As though sensing, if not her actual thoughts, certainly her general mood, a lone bluebird darted to within eighteen inches of her face and hung hovering, smiling blandly and whistling disjointed snatches of “Over the Rainbow.” Suddenly furious, Aimee snarled and swatted at the bird. “Get away from me, you inane figment! Get the hell away from me!”

The bird deftly dodged her slapping hand, but then only retreated some six inches and continued to hover. It started to whistle the chorus from “Swinging on a Star.” This time she swung at the bluebird with a clenched and unexpectedly accurate fist. The blow connected, taking the bluebird completely by surprise. It staggered back, cartoon-style on empty air, with small stars, suns, and planets circling its head. Aimee allowed herself a grim smile. “That’ll teach you to screw around with me, you flying rodent.”

The bluebird shook itself in midair, shedding three feathers that drifted lazily down to the terrace. The bird looked at her reproachfully and then zigzagged away to join its companions. Aimee glared after it. “I ought to erase the whole bunch of you and start all over again.”

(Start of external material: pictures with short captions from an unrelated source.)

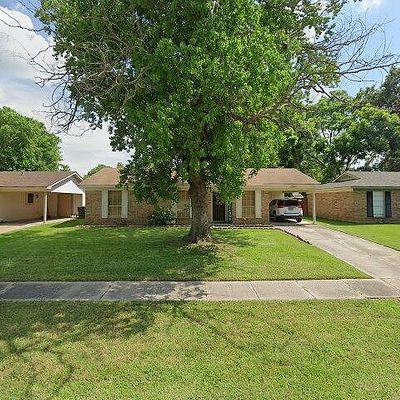 2104 Kirby Smith Dr, Bossier City, LA 71112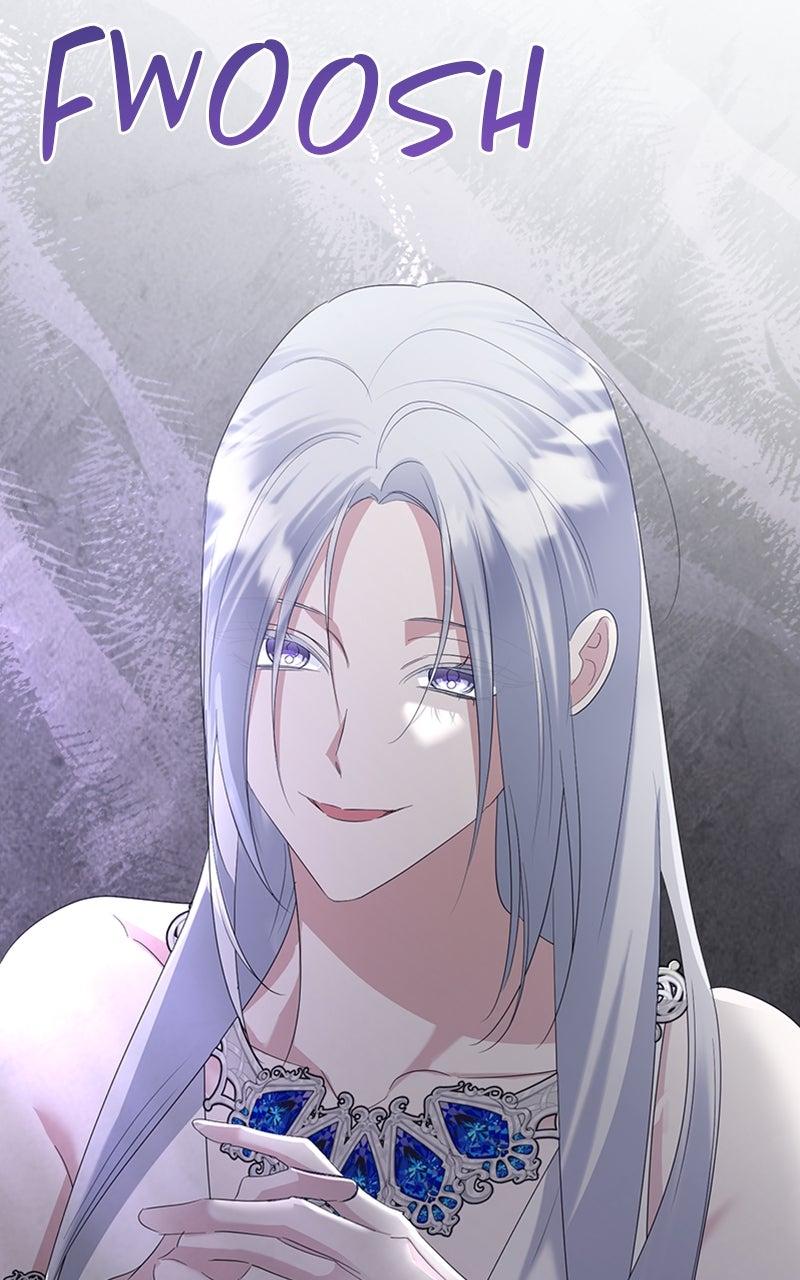 Adopted by a Murderous Duke Family Chap 76 - Next Chap 77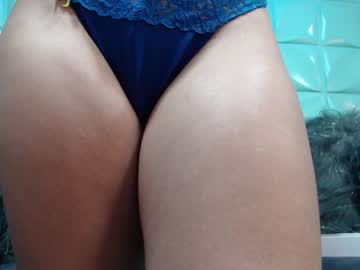 [10-10-22] karlynh show with toys from Chaturbate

In moments of self-doubt, anxiety, and depression, Aimee would castigate herself for concocting a Heaven that resembled nothing more than a very bad animated painting on black velvet, set to a soundtrack of Snow White and the Seven Dwarfs blended with New Age elevator music. In the depths of this emotional trough, she found it all too easy to believe that even her own creations, the bluebird included, were turning against her and secretly laughing at her presumptuous ambition. Fortunately, after she discovered that both Prozac and Valium could be conjured out of the air merely by thinking about them, she was able to ensure that the frequency of such moods was strictly limited, and she began to find both the construction of Heaven and the contemplation of the finished product a great deal less stressful.

For a time, she had half believed that God might come to her, like some crowning glory or ceremonial prize, when Heaven was finally completed to both His and her satisfaction. This belief had finally wilted and died, however, when God failed to put in His much-anticipated appearance. After no manifest rainbow, no pillar of fire, not so much as a lousy dove, her attitude had changed and her resolution hardened. If God was going to forsake her so casually, she, doing as she had been done by, would likewise forsake Him. She would continue to extend her Heaven, and it would be open to all who came. It would be exactly what every Christian soul needed and expected after the trauma of death and its immediate aftermath, right down to the very last golden sunbeam, faithful collie, and cascading waterfall. The only difference was that she would provide the godhead herself. She would make herself the focus of the cumulative praise and adoration; she would be the happy recipient of the lauding and magnifying. She knew that it might take a certain degree of adjustment, particularly on the part of the males, before they could accept her as the legitimate deity. On the other side of the coin, she would have the instant loyalty of all those feminists who maintained that God was a woman. She was aware that there might be a number of unwavering fundamentalists who, even in death, would refuse to accept a fait accompli as to the legitimacy of her divinity. For them, of course, there was always Golgotha and the Pit.